Exercise description: Your answer should repeat exactly the lines from the one holding "204 Ruby Ln - Photo 2 of 29" through the end of the data, and it should contain no pictures.

Material provided:
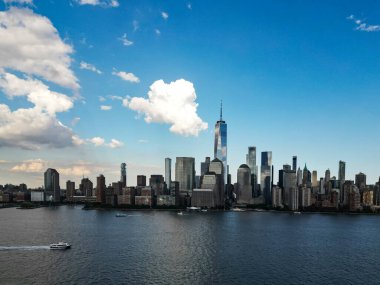 New York hava manzaralı. New York City silueti, ABD 'de Manhattan şehri manzarası. New York City Manhattan Şehir Merkezi Skyline, Jersey City, New Jersey, ABD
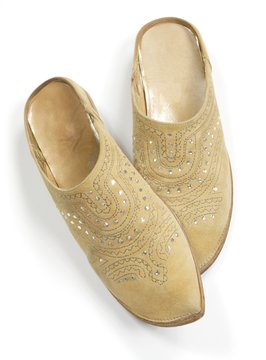 traditional arabic shoes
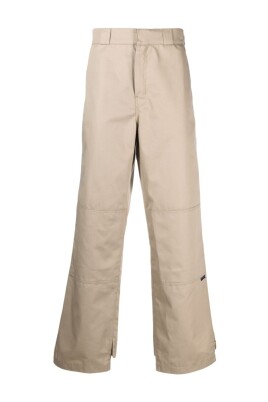beige-chino-byxor-med-hog-midja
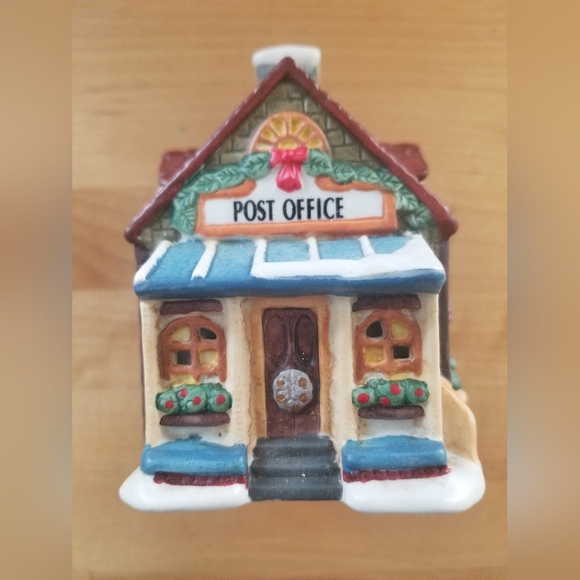 Vintage Holiday Time 6 Piece Village Collectibles House Set - Picture 5 of 10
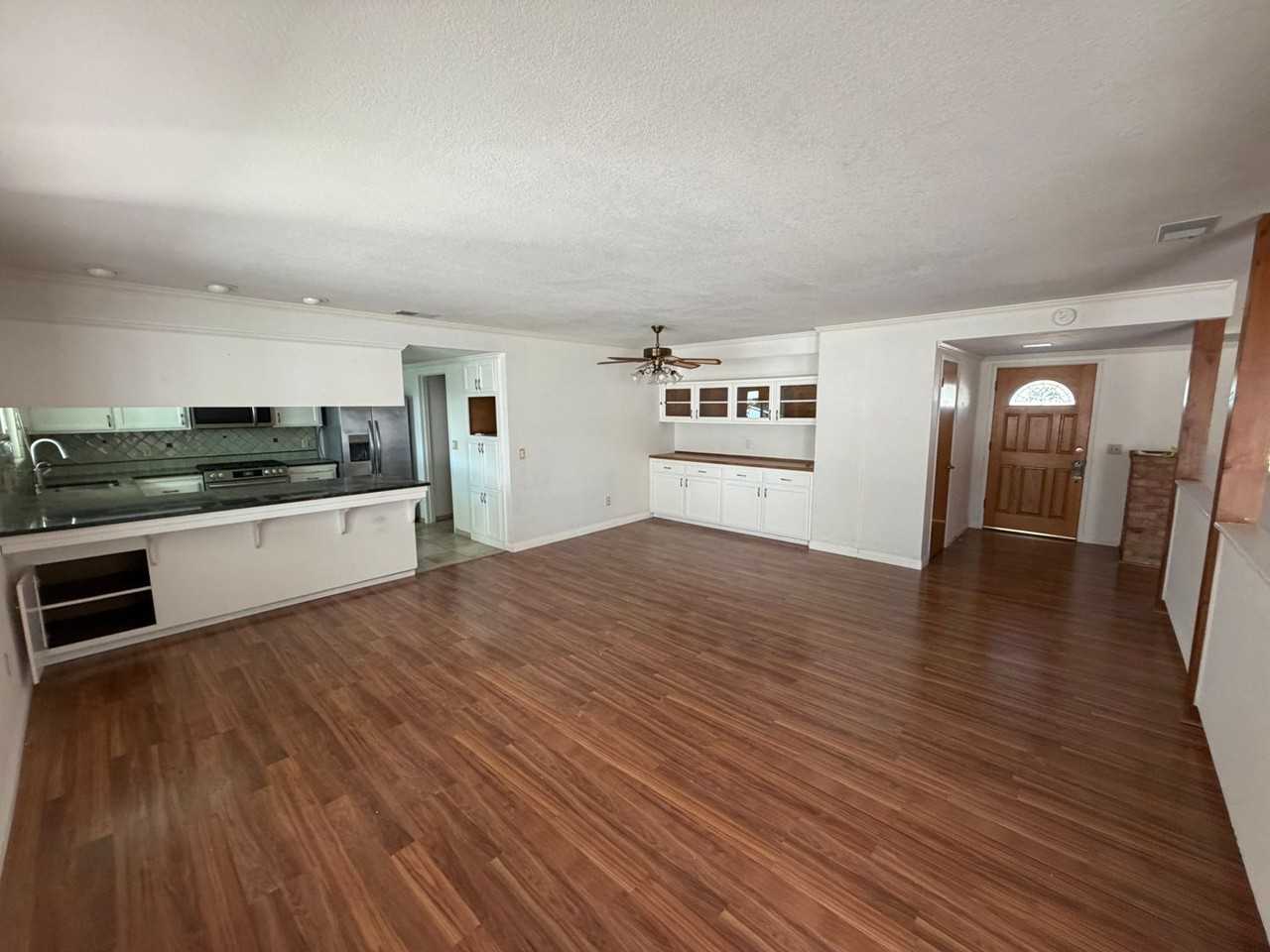 204 Ruby Ln - Photo 2 of 29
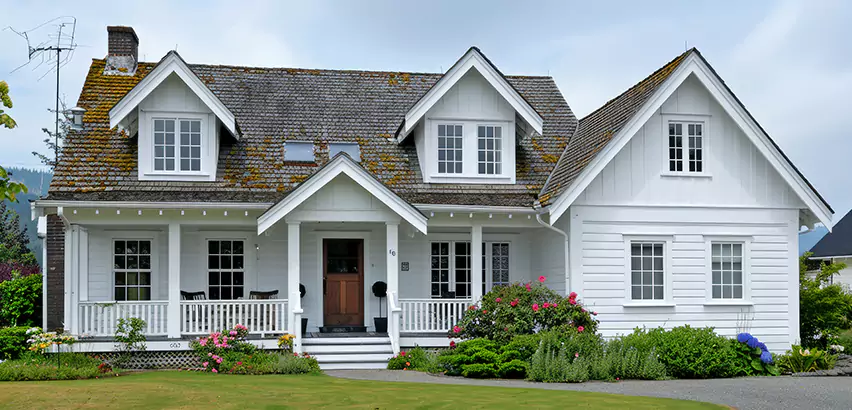 Professional Roofing and Siding Services in La Jolla, CA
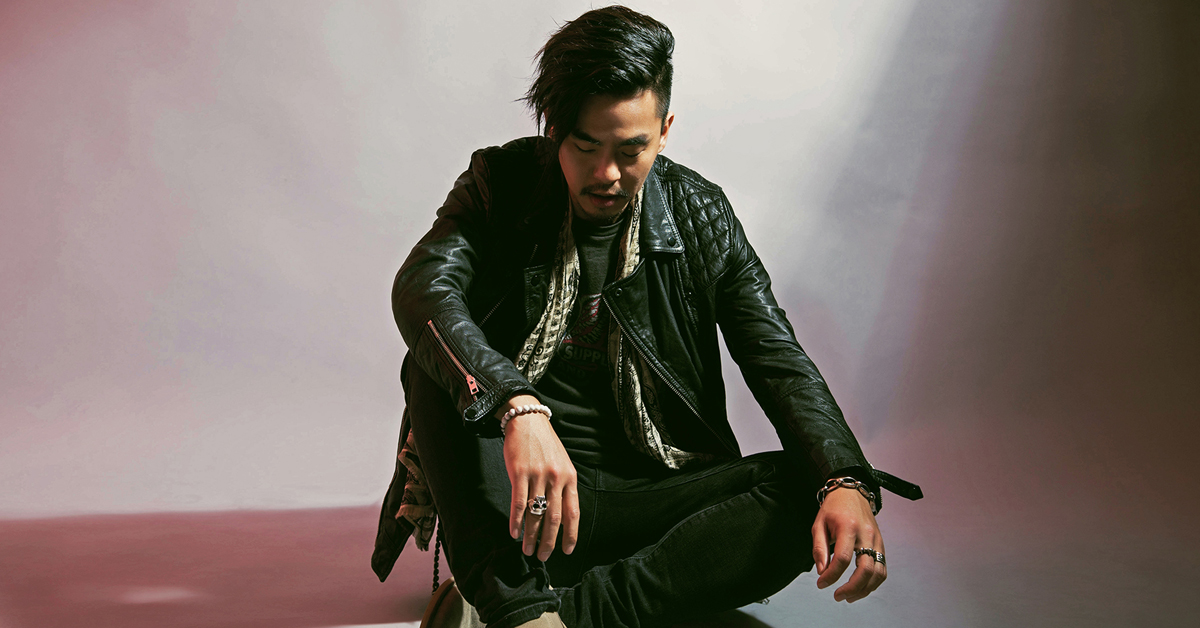 妞專訪：有一種搖滾叫「柯有倫」！硬漢柔情〈因為愛你〉所以要痛快的唱出來 妞專訪、柯有倫、柯式搖滾、抒情搖滾、飛、第六張專輯、新專輯、因為愛你、告訴我、巧柯力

Exercise answer:
 204 Ruby Ln - Photo 2 of 29
 Professional Roofing and Siding Services in La Jolla, CA
 妞專訪：有一種搖滾叫「柯有倫」！硬漢柔情〈因為愛你〉所以要痛快的唱出來 妞專訪、柯有倫、柯式搖滾、抒情搖滾、飛、第六張專輯、新專輯、因為愛你、告訴我、巧柯力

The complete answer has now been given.